Tuesday, December 29, 2015

Grind
Dec 28 2015


After Christmas, before the new year
you try to imagine beginnings
in winter's deepest dark.

Even harder
in this week of expectation
and excess.
Glutted with food, and too much drink,
the tree shedding needles
like a dog in spring.
The house over-heated
kids, home-free,
bills deferred
and icy streets,
the sneeze that turns to a cold.

The old year's over
the calendar decrees,
but who could really tell?
Looking out
at the same grey sky
piles of soiled snow.
And looking down
at your salt-stained boots
in a pool of murky melt,
the mildewed smell
of that winter coat
you no longer even notice.

Waiting
for the empty gifts to be shelved
the first resolution broken.
For the contrived gaiety
of the big night,
the morning after
bleary-eyed.
For the calendar to flip
         and school to be in
                         and work to begin again.

Time moves like a straight arrow
inexhaustibly on.
While life resumes
in its circular motion
over and over and over;
a wheel made of heavy stone
that turns with crushing force.



None of this applies to me: I don't do Christmas (no tree, no kids no bills), and mostly ignore New Year's celebrations. And I don't feel nearly as dark and cynical as the poem. (Could anyone?!!) But there is something about the actual lack of light. And I have enough imagination to feel what many others are probably feeling.

It also strikes me as an odd time of year to turn over the calendar, when there is nothing to differentiate the 31st from the 1st, and when the darkness and dullness pretty much blur one week into the next.
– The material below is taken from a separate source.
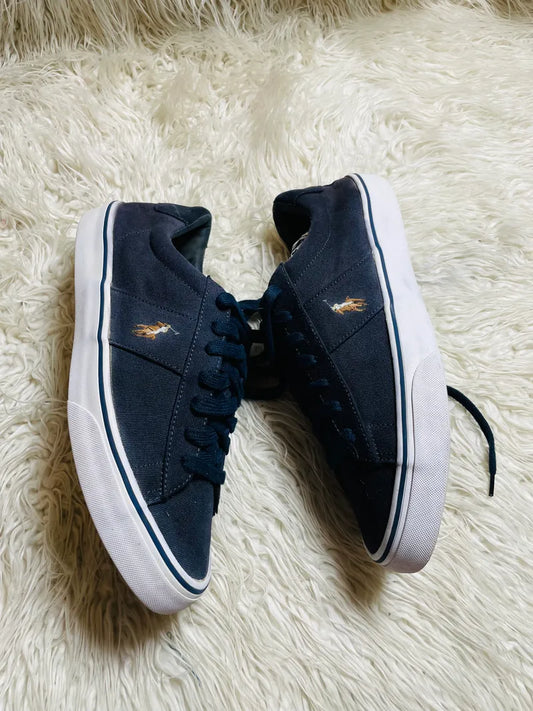 Polo Ralph Lauren Sayer Sneakers | Blue & white
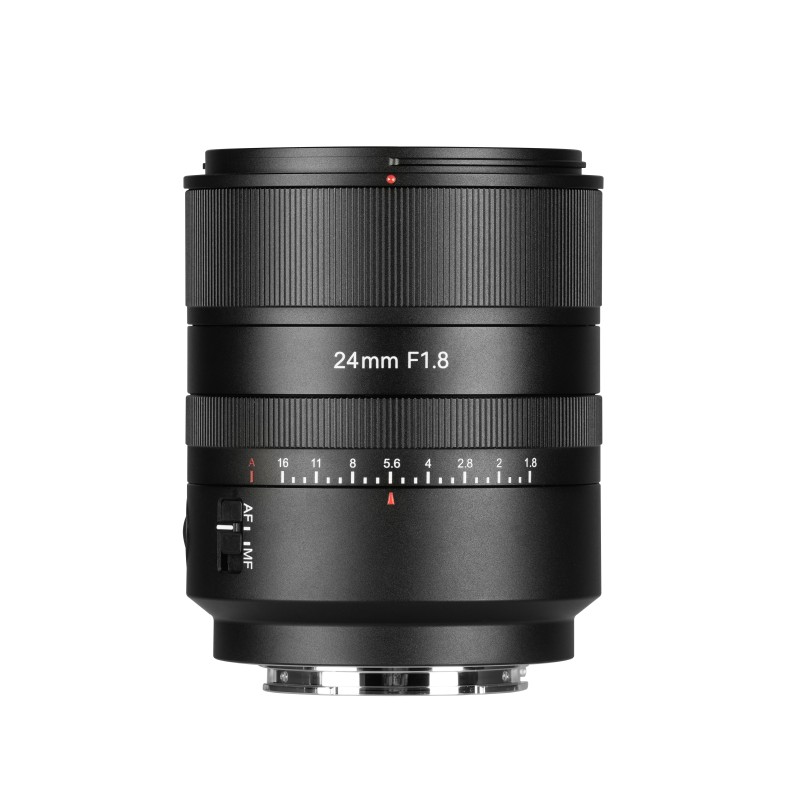 7Artisans AF24mm F1.8 Sony E Mount De-Clicked Zwart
Wouldn't it be far more appropriate to designate the start of the year to some date that actually seems like a beginning, that seems to make a break from what came before? ( ...Early September, perhaps: when school begins, and summer effectively ends (at least for us).)
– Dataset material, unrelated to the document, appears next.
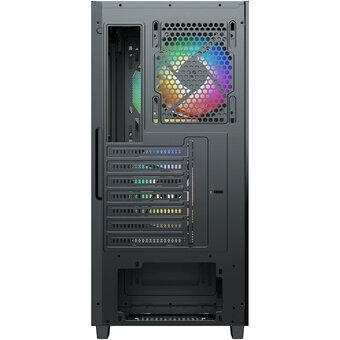  Корпус ACD Citadel 106 (AH-TC6GA-0000) ATX, Black, USB3.0*1, USB*2+HD audio,1*12cm ARGB rear+2*14cm ARGB front ,TG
It's also an odd week, with the feeling of time out of time: when some people are working, a lot not; when school's out and the days are short and the weather can keep us housebound -- not enough to do, and on each other's nerves. And a week of over-indulgence -- that might feel good in the moment, but inevitably leaves you feeling worse.
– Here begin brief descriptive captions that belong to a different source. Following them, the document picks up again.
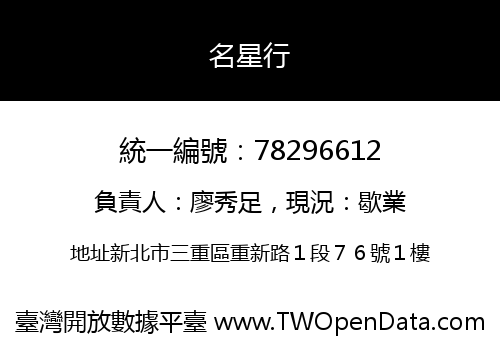名星行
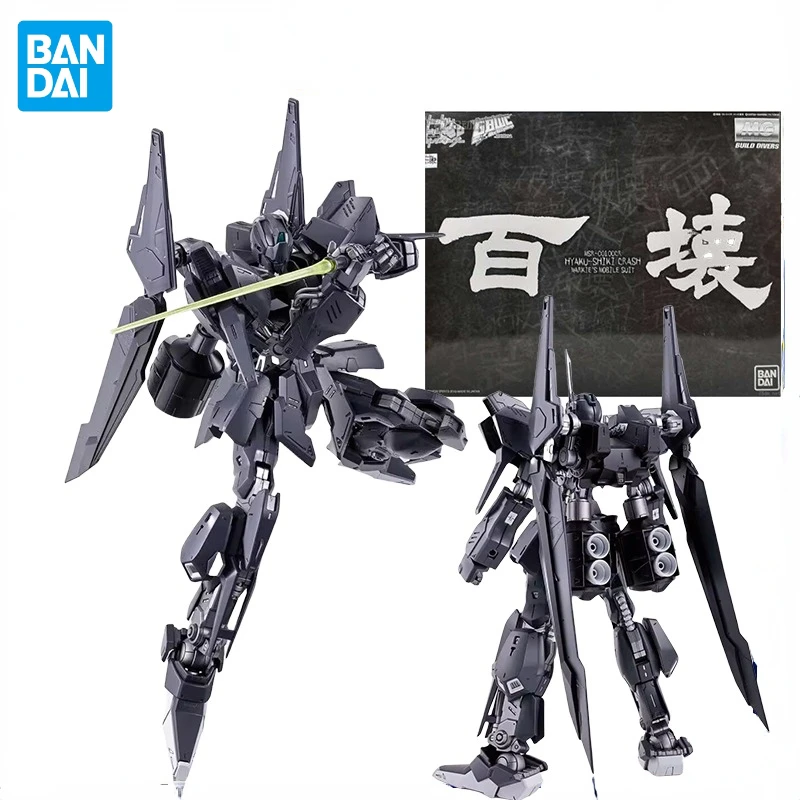 In Voorraad Bandai Anime GUNDAM HYAKU-SHIKI CRASH GBWC Zwart PB Limited MG Model Anime Action Figure Model Speelgoed Collectible Geschenken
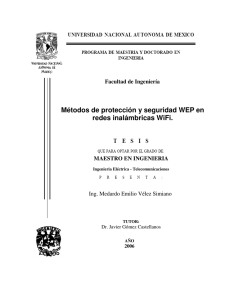 Métodos de protección y seguridad WEP en redes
Time is an unforgiving taskmaster, moving in a straight line and over-taking us. While our lives, despite their predictable trajectory, are essentially cyclic: our daily habits and routines; the recurring seasons. And nothing reminds us more of this than the ritual turning of one year into the next. Here, the cyclic nature of life turns into a wheel, which turns into stone, which turns to a heavy millstone, grinding us under.